Tag Archives: Awards

The NeurIPS 2018 Test of Time Award: The Trade-Offs of Large Scale Learning



Progress in machine learning (ML) is happening so rapidly, that it can sometimes feel like any idea or algorithm more than 2 years old is already outdated or superseded by something better. However, old ideas sometimes remain relevant even when a large fraction of the scientific community has turned away from them. This is often a question of context: an idea which may seem to be a dead end in a particular context may become wildly successful in a different one. In the specific case of deep learning (DL), the growth of both the availability of data and computing power renewed interest in the area and significantly influenced research directions.

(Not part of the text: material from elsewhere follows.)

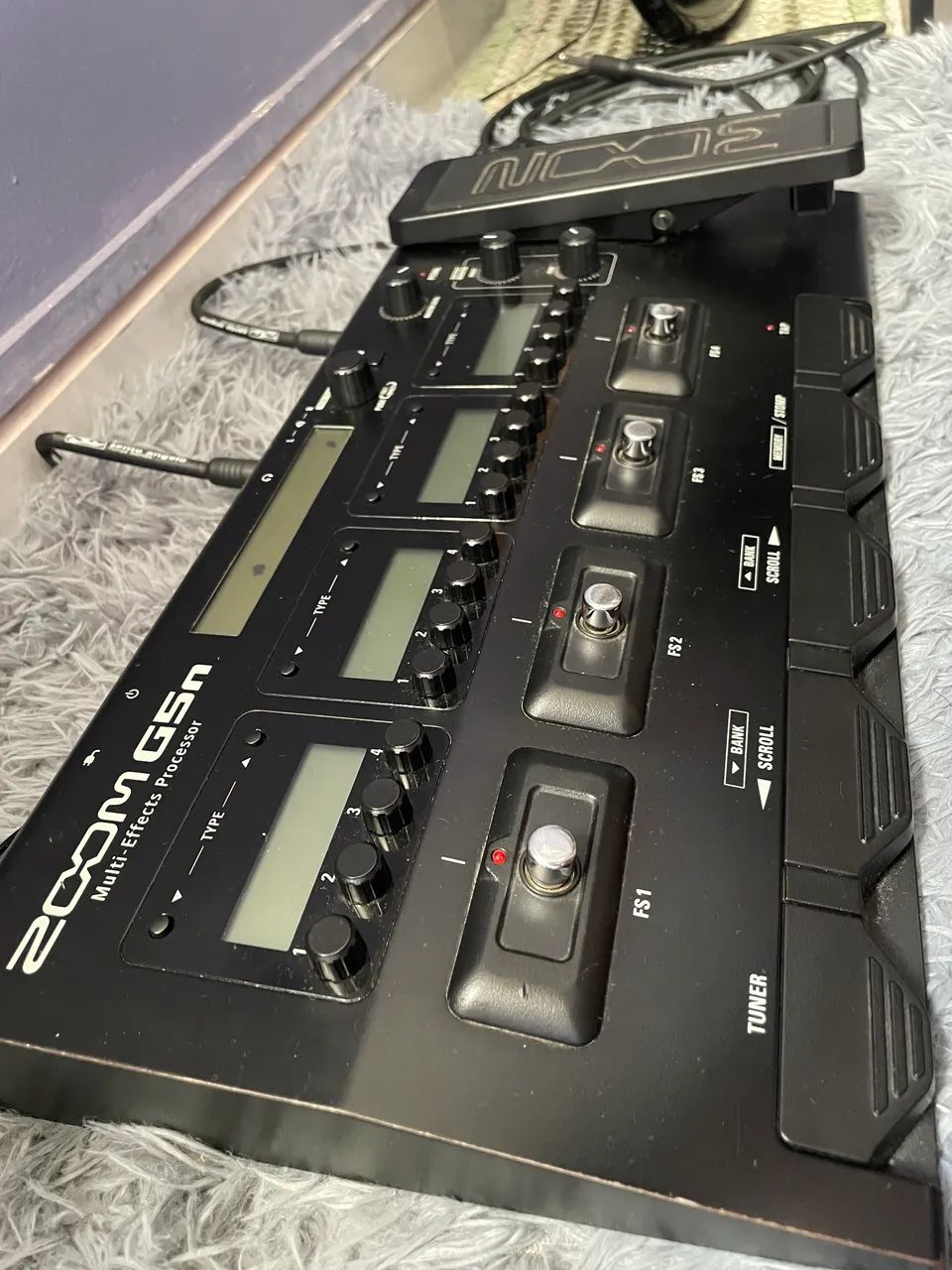 Pedaleira Zoom G5n - Instrumentos musicais - Japiim, Manaus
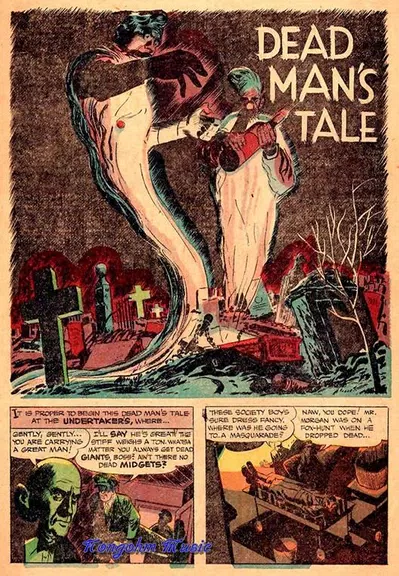 Eerie Comics #1 Avon (1947)應用截圖第3張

The NIPS 2008 paper “The Trade-Offs of Large Scale Learning” by Léon Bottou (then at NEC Labs, now at Facebook AI Research) and Olivier Bousquet (Google AI, Zürich) is a good example of this phenomenon. As the recent recipient of the NeurIPS 2018 Test of Time Award, this seminal work investigated the interplay between data and computation in ML, showing that if one is limited by computing power but can make use of a large dataset, it is more efficient to perform a small amount of computation on many individual training examples rather than to perform extensive computation on a subset of the data. This demonstrated the power of an old algorithm, stochastic gradient descent, which is nowadays used in pretty much all applications of DL.

Optimization and the Challenge of Scale
Many ML algorithms can be thought of as the combination of two main ingredients:
  • A model, which is a set of possible functions that will be used to fit the data.
  • An optimization algorithm which specifies how to find the best function in that set.
Back in the 90’s the datasets used in ML were much smaller than the ones in use today, and while artificial neural networks had already led to some successes, they were considered hard to train. In the early 2000’s, with the introduction of Kernel Machines (SVMs in particular), neural networks went out of fashion. Simultaneously, the attention shifted away from the optimization algorithms that had been used to train neural networks (stochastic gradient descent) to focus on those used for kernel machines (quadratic programming). One important difference being that in the former case, training examples are used one at a time to perform gradient steps (this is called “stochastic”), while in the latter case, all training examples are used at each iteration (this is called “batch”).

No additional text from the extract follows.